▸ Problem to solve
Pick out each line of the records that includes the string "Gray", and copy it.

Recorded data
Start of Block

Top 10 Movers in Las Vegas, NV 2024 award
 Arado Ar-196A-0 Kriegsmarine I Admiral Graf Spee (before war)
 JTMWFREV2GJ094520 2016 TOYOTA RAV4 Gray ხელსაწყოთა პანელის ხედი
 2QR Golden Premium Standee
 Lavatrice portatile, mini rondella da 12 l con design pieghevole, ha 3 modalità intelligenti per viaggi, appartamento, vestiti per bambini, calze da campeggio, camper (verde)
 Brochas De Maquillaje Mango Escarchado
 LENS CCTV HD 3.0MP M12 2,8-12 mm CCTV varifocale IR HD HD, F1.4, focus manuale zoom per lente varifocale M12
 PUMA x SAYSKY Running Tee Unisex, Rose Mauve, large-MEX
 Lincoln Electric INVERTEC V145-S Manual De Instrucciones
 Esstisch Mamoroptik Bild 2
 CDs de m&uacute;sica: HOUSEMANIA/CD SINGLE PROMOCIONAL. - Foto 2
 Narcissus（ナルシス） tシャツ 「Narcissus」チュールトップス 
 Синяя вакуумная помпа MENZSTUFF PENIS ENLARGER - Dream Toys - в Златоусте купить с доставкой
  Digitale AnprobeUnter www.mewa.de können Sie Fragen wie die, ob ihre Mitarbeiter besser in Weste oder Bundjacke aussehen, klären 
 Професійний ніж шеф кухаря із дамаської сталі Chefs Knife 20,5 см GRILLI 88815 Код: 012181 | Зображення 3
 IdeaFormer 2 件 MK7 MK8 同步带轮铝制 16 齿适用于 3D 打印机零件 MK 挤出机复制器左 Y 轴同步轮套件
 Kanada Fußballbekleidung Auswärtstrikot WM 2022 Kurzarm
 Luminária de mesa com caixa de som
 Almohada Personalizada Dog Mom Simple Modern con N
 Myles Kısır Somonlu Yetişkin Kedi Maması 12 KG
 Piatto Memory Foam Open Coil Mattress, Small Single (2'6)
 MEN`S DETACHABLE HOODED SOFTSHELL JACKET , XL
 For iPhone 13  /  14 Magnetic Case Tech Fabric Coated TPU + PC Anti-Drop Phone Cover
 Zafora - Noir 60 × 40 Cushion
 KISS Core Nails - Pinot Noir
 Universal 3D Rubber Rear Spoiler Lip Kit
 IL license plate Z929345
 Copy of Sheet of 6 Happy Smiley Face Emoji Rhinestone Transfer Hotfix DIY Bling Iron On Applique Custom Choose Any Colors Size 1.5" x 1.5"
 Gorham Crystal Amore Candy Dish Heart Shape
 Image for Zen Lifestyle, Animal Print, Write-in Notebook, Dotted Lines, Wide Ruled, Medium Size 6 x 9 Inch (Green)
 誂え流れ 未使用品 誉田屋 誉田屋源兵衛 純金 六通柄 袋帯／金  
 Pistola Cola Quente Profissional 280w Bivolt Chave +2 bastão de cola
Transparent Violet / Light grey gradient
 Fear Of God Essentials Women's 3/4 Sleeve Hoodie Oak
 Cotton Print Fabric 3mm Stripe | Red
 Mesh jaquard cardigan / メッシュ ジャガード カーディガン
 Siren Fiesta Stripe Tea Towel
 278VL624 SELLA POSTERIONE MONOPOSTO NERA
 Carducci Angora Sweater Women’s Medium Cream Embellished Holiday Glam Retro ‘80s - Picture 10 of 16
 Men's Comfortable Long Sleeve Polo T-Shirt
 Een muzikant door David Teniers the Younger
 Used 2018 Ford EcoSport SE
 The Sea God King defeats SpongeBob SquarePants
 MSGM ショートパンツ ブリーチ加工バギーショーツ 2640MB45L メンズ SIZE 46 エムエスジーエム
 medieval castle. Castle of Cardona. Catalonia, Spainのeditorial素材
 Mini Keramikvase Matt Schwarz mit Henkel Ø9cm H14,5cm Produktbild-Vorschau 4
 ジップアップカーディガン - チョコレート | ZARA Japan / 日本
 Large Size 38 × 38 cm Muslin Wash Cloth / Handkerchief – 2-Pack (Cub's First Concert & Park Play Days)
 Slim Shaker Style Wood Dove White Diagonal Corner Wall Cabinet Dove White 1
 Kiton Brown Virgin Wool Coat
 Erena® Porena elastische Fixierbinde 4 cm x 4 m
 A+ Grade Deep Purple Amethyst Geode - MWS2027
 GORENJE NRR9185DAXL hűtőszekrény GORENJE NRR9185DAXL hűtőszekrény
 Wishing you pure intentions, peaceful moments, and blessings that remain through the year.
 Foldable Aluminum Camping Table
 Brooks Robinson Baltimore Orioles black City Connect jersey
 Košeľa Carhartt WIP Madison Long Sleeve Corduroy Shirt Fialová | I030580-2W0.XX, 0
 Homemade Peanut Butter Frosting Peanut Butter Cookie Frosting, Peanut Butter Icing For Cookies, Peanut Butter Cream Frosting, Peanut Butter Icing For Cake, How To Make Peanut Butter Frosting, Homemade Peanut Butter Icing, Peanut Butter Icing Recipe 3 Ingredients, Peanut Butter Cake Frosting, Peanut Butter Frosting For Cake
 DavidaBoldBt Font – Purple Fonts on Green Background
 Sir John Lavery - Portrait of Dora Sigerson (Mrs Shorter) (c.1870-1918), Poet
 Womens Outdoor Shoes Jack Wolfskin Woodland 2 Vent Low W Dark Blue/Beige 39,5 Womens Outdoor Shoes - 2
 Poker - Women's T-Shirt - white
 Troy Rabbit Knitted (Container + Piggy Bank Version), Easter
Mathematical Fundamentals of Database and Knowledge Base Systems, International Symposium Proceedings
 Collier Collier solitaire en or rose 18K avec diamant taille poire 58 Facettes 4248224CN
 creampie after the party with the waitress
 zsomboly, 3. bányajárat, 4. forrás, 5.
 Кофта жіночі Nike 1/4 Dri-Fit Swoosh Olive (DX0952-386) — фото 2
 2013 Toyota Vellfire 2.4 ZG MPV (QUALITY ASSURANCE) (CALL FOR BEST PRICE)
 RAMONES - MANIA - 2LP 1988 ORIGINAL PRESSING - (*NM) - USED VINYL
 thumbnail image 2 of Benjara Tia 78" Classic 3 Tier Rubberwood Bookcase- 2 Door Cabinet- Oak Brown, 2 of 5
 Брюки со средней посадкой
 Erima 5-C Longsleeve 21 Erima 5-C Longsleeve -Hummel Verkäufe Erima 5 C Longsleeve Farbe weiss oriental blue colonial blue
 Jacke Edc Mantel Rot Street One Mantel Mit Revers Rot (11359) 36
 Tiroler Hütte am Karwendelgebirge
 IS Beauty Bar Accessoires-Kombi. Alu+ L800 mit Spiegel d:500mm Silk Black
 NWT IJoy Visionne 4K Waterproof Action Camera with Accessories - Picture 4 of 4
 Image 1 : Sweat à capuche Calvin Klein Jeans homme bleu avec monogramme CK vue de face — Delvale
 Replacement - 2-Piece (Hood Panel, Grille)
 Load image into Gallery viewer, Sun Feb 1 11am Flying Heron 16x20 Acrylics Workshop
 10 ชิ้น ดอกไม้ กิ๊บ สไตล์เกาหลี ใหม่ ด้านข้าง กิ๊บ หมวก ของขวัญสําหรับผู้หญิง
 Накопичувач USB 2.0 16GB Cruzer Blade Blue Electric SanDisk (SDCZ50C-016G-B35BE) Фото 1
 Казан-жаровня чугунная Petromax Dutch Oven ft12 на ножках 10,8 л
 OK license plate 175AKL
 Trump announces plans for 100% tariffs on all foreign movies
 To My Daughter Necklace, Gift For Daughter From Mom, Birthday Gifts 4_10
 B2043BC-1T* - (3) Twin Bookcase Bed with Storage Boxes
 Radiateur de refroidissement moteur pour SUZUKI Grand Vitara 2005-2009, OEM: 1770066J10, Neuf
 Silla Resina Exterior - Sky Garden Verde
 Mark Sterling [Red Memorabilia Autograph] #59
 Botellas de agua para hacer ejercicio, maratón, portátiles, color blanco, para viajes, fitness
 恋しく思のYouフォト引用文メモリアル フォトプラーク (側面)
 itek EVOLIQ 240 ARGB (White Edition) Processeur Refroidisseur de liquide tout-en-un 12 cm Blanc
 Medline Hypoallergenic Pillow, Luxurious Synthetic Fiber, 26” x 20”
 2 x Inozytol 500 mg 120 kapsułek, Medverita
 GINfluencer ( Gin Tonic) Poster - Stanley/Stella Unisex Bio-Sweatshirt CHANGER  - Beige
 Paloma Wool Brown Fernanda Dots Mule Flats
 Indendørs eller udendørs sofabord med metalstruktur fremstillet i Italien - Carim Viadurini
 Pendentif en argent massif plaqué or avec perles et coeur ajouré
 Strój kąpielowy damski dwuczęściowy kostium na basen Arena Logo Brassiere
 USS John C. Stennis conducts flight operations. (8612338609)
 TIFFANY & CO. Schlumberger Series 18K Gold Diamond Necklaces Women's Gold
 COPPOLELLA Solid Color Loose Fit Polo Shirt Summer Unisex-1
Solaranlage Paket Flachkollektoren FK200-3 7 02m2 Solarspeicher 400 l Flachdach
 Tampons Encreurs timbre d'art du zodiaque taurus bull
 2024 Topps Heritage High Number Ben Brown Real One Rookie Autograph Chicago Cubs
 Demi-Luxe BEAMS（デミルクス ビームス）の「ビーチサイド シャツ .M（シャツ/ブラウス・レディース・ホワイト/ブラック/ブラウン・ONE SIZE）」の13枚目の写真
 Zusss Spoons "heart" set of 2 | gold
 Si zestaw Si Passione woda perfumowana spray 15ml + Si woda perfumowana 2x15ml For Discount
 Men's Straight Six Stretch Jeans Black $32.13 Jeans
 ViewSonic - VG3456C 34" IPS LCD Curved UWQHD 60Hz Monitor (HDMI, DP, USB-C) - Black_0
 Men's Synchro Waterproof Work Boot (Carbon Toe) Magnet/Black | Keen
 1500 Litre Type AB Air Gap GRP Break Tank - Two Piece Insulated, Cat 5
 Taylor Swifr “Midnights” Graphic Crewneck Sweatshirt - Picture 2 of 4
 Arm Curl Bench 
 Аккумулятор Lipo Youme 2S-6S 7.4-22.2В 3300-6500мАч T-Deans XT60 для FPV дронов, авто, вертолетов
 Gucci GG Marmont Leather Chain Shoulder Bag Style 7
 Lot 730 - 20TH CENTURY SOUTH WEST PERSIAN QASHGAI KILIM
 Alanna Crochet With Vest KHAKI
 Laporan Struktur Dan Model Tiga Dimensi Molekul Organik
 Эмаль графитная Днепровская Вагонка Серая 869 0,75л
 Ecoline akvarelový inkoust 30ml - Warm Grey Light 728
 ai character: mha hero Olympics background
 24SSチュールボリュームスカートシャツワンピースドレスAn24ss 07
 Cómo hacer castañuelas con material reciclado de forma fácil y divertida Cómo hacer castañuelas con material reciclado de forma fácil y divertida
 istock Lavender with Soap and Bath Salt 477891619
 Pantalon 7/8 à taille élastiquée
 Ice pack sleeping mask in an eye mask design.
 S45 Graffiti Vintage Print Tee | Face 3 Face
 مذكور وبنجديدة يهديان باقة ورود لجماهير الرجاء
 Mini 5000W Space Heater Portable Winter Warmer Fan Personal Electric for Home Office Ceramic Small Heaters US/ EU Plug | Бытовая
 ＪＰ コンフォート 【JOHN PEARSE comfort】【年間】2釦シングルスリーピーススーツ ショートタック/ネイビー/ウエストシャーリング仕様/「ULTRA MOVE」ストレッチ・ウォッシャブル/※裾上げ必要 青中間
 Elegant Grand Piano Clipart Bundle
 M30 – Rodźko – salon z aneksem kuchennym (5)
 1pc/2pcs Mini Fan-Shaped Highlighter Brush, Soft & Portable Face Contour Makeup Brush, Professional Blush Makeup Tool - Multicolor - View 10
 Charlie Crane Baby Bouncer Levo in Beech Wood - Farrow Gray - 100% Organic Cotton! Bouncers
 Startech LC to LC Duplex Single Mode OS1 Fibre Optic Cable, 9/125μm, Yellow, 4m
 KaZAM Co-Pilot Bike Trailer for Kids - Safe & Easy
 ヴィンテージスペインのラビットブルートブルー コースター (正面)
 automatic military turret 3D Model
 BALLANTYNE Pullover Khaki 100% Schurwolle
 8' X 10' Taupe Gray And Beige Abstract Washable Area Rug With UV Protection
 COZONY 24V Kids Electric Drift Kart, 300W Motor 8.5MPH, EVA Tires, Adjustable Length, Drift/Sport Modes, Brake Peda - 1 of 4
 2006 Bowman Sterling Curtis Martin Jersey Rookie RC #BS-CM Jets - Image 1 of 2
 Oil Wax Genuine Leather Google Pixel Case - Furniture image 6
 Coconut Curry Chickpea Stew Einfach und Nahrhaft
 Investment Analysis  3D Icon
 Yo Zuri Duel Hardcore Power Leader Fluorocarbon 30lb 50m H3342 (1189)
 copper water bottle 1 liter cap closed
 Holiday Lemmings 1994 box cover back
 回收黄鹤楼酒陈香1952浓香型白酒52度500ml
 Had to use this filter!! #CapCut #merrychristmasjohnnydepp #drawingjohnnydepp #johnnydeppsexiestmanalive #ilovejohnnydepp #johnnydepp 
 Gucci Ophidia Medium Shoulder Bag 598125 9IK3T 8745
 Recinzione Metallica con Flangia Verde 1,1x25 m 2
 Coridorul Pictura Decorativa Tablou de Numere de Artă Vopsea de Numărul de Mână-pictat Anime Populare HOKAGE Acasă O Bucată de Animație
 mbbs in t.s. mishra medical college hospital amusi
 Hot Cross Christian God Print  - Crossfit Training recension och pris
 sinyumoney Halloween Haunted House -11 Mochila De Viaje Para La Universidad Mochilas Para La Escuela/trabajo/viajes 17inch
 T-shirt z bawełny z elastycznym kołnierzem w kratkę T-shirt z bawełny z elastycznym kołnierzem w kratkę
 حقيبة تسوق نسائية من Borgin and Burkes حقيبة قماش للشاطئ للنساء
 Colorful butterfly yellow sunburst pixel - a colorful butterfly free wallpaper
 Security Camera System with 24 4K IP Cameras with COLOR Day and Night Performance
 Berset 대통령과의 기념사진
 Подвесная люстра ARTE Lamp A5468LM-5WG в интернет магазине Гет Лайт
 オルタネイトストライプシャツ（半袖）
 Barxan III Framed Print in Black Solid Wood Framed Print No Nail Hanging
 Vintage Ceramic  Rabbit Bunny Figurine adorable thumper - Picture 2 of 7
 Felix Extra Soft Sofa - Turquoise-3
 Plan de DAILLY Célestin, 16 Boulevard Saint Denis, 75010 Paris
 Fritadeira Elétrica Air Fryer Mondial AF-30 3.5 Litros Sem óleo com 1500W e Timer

End of Block

▸ Task answer
 JTMWFREV2GJ094520 2016 TOYOTA RAV4 Gray ხელსაწყოთა პანელის ხედი
 Charlie Crane Baby Bouncer Levo in Beech Wood - Farrow Gray - 100% Organic Cotton! Bouncers
 8' X 10' Taupe Gray And Beige Abstract Washable Area Rug With UV Protection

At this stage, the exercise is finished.